藤清×月桂冠「こんにゃくの画期的製法」共同開発
執筆者:motoe
月桂冠グループの食品会社・藤清(社長:嶋川賢一、本社:京都府城陽市)と、月桂冠(社長:大倉治彦、本社:京都市伏見区)は、こんにゃくの画期的製法を共同開発し、特許権(特許第6700467号、2020年5月7日付)を取得した。この特許権は「ちぢれ風製法」と呼び、太さの異なる糸こんにゃくを複数本ランダムに絡め合わせるもの。この方法で製造したこんにゃくを炊き上げると、通常の糸こんにゃくに比べ、ちぢれた状態になり、タレなどの調味料の味しみが25%アップするという。こんにゃくの製造方法の開発は藤清が進め、月桂冠は製品の分析や評価などを担い、この製法特許の権利化に至ったもの。

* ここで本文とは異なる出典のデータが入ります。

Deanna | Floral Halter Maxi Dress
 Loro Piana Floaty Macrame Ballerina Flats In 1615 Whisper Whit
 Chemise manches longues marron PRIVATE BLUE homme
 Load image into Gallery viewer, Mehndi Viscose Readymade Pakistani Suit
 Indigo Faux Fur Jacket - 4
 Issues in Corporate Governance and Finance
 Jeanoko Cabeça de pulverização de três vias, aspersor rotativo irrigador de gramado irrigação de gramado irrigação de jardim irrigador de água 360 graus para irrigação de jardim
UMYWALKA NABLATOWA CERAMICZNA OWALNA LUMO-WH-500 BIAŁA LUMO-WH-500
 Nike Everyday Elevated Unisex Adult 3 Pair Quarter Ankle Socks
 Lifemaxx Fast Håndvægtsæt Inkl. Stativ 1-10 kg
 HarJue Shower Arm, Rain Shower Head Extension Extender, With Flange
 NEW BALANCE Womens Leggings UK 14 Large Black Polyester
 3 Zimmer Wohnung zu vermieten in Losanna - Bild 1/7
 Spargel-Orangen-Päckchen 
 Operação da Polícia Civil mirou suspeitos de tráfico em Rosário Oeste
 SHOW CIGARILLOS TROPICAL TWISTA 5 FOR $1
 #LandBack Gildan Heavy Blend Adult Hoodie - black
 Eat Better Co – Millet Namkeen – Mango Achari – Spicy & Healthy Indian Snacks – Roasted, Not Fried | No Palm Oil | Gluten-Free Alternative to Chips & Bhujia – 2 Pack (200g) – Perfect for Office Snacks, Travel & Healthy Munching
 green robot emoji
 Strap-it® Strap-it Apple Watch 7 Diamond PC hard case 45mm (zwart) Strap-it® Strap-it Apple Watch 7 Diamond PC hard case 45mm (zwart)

また、「ちぢれ風製法」で作った糸こんにゃくを板こんにゃくに配合することで、味染みが良い製品を製造できるメリットも見出した。糸こんにゃくは、生こんにゃく芋を乾燥させて製粉し、アルカリ性にして練り合わせたものを、目皿の小さな穴を通して押し出すことで、糸状に成型して製造するが、今回発明した「ちぢれ風製法」は、糸状に成型する際に通す目皿の穴の大きさや配置・個数を工夫することで、太めのもの1本、細めのもの2本の計3本が糸状となって押し出されると同時に絡まるように成型するもの。太め、細めで、それぞれ硬度の異なる糸こんにゃくが絡み合った微妙な隙間に調理用のタレが染み込み、通常の糸こんにゃくに比べて25%多く保持されることが確認されている。さらに、「ちぢれ風製法」により製造した糸こんにゃくを細かく刻んで板こんにゃくに40%配合し、タレで味付けして、通常の板こんにゃくとの比較を行ったところ、味覚センサーでの分析によると、特に「コクのある味わい」「味わいの広がり」が強調されることが判明。同時に、「ちぢれ風製法」による糸こんにゃくを配合した板こんにゃくは、官能検査でも通常の板こんにゃくと比較して有意に味の染み込みが良くなることも確認されている。こんにゃく業界積年の「味がなかなか染みこまない」という課題、解決する技術開発となった今回の「ちぢれ風製法」。今後は、「ちぢれ風製法」を活用したこんにゃくの商品化に注力すると共に、この製法により造った糸こんにゃくの特性を生かして他の食品の素材として応用するなど、幅広く用途開発を進めて行きたいとしている。